Accessible Multimedia

Accessible Multimedia

Captions, subtitles, transcripts and audio description

Accessible video is not optional. If your media includes speech or important audio, people must be able to access that information in text. If your video contains important visual information, it must be described in audio or text.
This guide helps you decide what you need and how to do it well.

Understand the three core components

1. Captions (for video with audio)

Captions are synchronised on-screen text that:

  • Show spoken dialogue
  • Include important non-speech sounds (laughter, applause, music cues, tone changes)
  • Appear at the same time as the audio

Captions are essential for:

  • Deaf and hard-of-hearing users
  • People in noisy or quiet environments
  • People who process text better than audio
  • Multilingual audiences

Closed captions can be turned on or off.
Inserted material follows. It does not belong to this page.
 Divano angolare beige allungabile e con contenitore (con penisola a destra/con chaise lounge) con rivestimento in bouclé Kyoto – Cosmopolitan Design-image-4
Open captions are always visible and cannot be turned off.
If your video contains speech that is needed to understand the content, captions are required.

2. Transcripts

A transcript is a text version of the content.
There are two types:

Basic transcript

  • Includes spoken words
  • Includes important audio information

Descriptive transcript

  • Includes spoken words
  • Includes important audio information
  • Includes essential visual information

Descriptive transcripts support:

  • Deaf-blind users
  • Screen reader users
  • People who prefer reading
  • Search engine indexing

For audio-only content (like a podcast), a transcript is required.
For video, best practice is to provide both captions and a transcript.

3. Audio description

If important information is shown visually but not spoken aloud, it must be described.

Instead of saying:“As you can see here…”
Say:“The chart shows a 30% increase in sales between January and March.”
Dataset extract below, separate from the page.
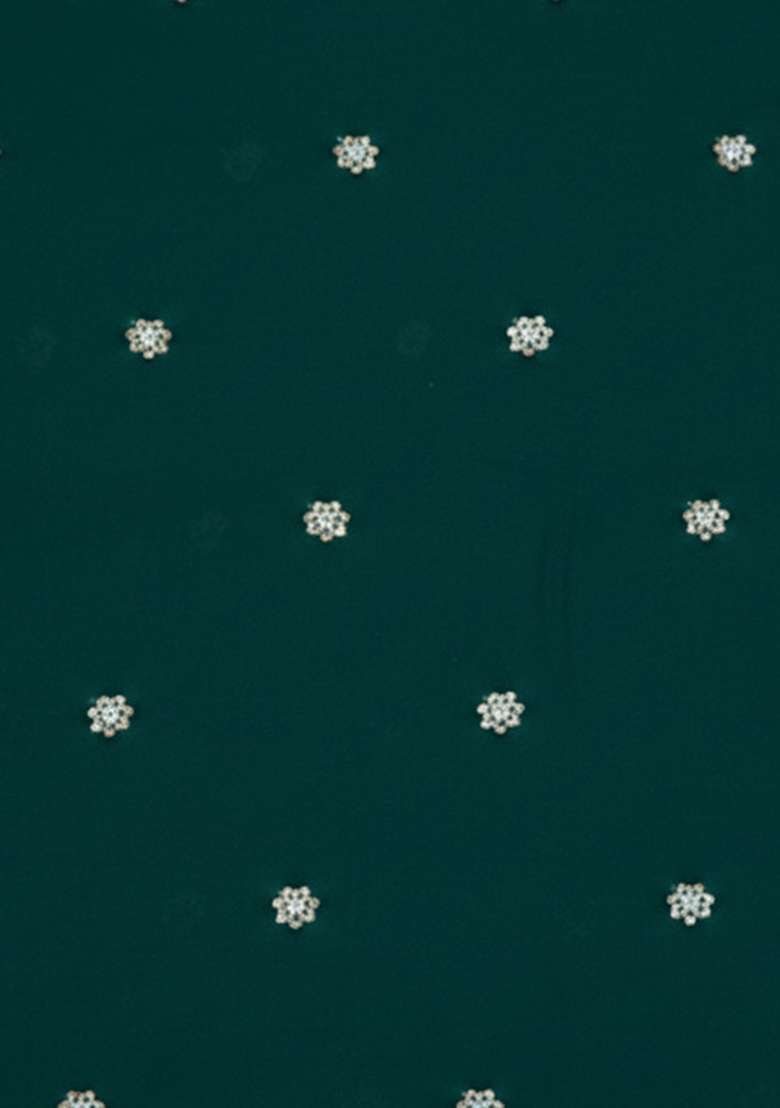 Dark Green Printed Moss Anarkali With Dupatta - Indya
If visuals are not explained in the main audio, an additional audio description track may be needed.

What does my media need?

Use this decision guide:

Audio only (podcast)

  • Transcript required
  • Captions optional

Video with no meaningful audio

  • Descriptive transcript or audio description required

Video with speech

  • Captions required
  • Transcript strongly recommended
  • Audio description if visuals are not explained

Live video

  • Live captions required
  • Edited captions for recordings
  • Transcript recommended

Quality standards for captions

Captions must be:

Synchronised Text appears at the same time as the audio.
Accurate Words match what is spoken. Do not rely on raw automatic captions.
Complete Include meaningful non-speech sounds and speaker identification where needed.
Accessible Users must be able to turn them on easily.
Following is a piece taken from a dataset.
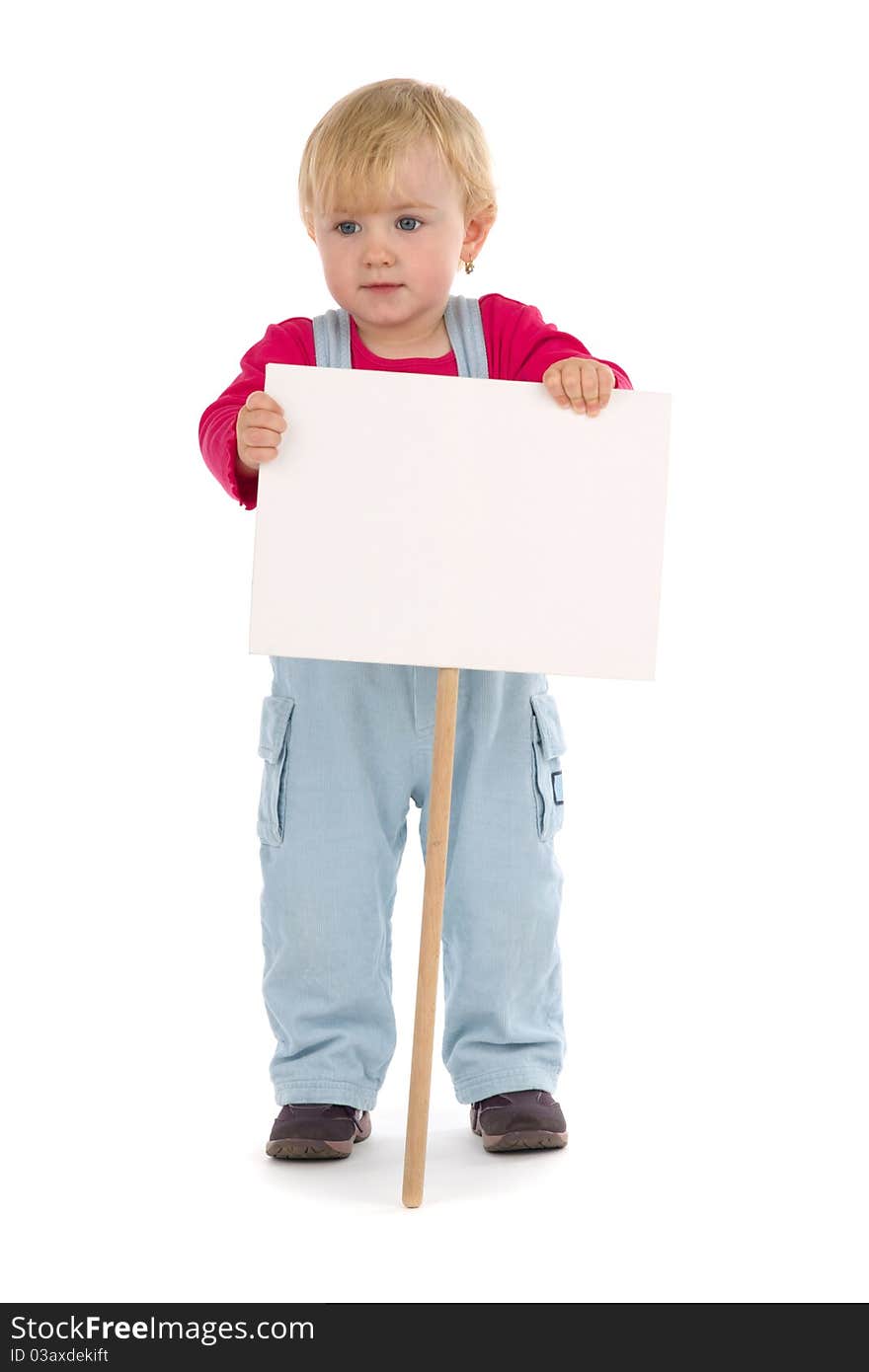 Child with blank table waiting for your sign, on white background.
Do not rely on automatic captions alone

Speech recognition tools are helpful starting points, but they are rarely accurate enough on their own.

Common problems:

  • Incorrect wording
  • Missing words
  • Meaning changed
  • Technical terms misheard

Automatic captions must be reviewed and corrected before publishing.

Caption file formats

For web video:

The most common format is:

WebVTT (.vtt)

Other formats:

  • SRT
  • TTML

Automatic captions must be reviewed and corrected before publishing.